(Material for this task)

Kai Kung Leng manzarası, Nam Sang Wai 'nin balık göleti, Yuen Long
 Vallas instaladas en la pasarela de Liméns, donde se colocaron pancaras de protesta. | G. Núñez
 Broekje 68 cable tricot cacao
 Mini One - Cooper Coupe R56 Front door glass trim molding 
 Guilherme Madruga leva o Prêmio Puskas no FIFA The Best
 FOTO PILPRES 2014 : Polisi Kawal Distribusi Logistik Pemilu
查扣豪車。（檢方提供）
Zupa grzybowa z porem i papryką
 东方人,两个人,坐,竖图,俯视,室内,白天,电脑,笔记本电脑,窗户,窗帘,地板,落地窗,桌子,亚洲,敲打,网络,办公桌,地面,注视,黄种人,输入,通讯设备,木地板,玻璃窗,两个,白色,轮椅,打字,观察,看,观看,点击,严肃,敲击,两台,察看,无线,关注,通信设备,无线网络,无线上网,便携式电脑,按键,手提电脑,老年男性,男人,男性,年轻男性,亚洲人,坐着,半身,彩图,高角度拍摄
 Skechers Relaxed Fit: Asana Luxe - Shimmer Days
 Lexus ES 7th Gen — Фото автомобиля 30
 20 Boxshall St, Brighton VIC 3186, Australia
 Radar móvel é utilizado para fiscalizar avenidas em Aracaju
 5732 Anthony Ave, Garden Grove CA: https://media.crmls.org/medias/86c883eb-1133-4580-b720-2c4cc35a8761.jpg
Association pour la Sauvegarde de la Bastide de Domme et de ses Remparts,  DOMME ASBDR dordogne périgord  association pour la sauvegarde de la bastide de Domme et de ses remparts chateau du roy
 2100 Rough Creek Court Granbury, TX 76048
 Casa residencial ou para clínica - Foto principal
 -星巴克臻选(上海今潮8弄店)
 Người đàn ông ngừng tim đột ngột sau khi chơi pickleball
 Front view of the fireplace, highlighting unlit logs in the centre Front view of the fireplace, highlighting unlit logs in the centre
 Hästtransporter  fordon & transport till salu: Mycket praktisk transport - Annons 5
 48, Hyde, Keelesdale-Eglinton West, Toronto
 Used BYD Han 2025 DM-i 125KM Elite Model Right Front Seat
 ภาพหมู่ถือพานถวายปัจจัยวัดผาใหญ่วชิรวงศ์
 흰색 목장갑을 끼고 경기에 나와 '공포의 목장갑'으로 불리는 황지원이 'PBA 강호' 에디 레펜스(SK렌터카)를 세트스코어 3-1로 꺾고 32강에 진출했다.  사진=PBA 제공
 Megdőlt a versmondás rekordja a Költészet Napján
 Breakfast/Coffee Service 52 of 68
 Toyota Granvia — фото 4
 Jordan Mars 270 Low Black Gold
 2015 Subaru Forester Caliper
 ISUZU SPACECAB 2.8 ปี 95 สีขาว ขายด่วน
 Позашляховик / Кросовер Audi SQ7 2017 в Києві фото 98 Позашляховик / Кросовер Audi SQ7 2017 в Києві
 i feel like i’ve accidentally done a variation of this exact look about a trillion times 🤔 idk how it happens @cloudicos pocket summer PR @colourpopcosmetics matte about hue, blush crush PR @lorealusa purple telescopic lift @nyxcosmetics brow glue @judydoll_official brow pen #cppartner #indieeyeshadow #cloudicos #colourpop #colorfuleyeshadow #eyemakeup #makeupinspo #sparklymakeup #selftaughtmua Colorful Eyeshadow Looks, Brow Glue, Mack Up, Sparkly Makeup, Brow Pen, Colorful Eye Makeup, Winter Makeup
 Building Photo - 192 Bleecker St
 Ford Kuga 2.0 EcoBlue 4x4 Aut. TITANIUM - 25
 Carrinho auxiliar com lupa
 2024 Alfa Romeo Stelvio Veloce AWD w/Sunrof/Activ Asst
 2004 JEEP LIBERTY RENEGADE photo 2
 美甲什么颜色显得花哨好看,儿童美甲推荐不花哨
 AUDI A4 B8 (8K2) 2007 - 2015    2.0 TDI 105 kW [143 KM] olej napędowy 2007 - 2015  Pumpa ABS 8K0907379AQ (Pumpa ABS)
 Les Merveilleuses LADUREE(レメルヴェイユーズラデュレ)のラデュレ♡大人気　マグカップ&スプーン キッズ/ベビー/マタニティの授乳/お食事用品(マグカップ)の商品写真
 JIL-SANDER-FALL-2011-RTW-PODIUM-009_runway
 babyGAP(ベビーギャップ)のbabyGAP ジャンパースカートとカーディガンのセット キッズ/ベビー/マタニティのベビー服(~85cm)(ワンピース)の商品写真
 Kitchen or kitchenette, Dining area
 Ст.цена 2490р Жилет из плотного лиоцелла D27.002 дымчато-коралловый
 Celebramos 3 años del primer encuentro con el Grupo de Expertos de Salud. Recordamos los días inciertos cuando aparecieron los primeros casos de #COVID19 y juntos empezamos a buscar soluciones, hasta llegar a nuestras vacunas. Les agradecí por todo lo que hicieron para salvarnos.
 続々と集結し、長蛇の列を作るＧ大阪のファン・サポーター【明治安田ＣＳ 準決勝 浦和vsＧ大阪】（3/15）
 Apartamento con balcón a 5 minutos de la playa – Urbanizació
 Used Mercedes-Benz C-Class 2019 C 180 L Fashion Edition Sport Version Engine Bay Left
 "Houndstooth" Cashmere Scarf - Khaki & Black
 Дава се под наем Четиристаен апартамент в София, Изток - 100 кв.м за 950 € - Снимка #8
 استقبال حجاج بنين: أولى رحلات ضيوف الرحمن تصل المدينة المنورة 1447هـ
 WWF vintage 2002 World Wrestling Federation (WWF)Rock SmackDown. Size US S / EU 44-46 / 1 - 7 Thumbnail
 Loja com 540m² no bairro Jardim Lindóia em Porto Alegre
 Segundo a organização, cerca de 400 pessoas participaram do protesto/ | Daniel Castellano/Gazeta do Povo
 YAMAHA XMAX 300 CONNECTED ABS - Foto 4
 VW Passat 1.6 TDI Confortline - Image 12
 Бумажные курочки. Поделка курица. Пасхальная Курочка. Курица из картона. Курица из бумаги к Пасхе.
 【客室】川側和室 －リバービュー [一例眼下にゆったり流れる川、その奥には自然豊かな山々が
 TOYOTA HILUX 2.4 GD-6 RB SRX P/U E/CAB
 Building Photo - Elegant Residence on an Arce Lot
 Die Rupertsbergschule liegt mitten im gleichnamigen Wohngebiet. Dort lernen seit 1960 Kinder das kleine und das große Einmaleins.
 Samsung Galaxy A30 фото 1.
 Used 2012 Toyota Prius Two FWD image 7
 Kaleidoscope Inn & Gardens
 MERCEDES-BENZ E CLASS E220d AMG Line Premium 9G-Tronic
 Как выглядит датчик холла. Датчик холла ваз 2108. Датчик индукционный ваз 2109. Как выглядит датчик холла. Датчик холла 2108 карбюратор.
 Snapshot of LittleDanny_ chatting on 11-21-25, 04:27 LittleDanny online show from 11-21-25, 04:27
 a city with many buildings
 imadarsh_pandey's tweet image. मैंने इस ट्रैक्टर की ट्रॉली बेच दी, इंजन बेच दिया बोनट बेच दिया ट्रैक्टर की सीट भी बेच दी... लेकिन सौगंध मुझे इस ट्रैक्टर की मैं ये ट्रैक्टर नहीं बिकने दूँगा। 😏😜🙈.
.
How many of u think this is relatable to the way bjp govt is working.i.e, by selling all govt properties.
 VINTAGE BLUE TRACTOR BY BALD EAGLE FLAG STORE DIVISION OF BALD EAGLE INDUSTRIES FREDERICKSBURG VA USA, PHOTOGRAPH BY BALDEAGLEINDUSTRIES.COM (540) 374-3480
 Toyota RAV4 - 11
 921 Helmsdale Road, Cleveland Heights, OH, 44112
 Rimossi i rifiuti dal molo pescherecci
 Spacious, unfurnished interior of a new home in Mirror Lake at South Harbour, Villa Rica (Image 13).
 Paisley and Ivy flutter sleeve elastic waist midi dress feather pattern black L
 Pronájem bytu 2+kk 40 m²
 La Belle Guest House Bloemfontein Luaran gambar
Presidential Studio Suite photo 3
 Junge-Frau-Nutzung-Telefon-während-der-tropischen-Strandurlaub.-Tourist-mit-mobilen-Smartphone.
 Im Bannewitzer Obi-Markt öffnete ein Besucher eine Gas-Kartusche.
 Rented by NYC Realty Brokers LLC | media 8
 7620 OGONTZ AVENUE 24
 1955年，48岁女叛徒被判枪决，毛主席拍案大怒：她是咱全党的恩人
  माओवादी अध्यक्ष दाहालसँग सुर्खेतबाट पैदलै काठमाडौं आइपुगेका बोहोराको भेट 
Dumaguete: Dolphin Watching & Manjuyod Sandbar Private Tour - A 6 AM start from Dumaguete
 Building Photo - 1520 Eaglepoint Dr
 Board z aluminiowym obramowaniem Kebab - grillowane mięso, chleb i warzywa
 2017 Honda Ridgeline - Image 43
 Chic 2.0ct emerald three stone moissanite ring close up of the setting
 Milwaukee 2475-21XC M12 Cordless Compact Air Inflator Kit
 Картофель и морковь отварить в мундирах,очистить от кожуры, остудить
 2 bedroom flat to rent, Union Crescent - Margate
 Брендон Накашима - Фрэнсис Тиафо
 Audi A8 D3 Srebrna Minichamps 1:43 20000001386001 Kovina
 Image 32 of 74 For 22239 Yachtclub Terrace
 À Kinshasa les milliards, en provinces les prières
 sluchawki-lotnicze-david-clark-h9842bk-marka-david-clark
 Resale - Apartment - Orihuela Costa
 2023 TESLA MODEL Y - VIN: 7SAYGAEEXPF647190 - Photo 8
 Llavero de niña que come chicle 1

(End Material for this task)

Work instruction →
Pull each line containing "Used" from the records.

Finished task →
 Used BYD Han 2025 DM-i 125KM Elite Model Right Front Seat
 Used Mercedes-Benz C-Class 2019 C 180 L Fashion Edition Sport Version Engine Bay Left
 Used 2012 Toyota Prius Two FWD image 7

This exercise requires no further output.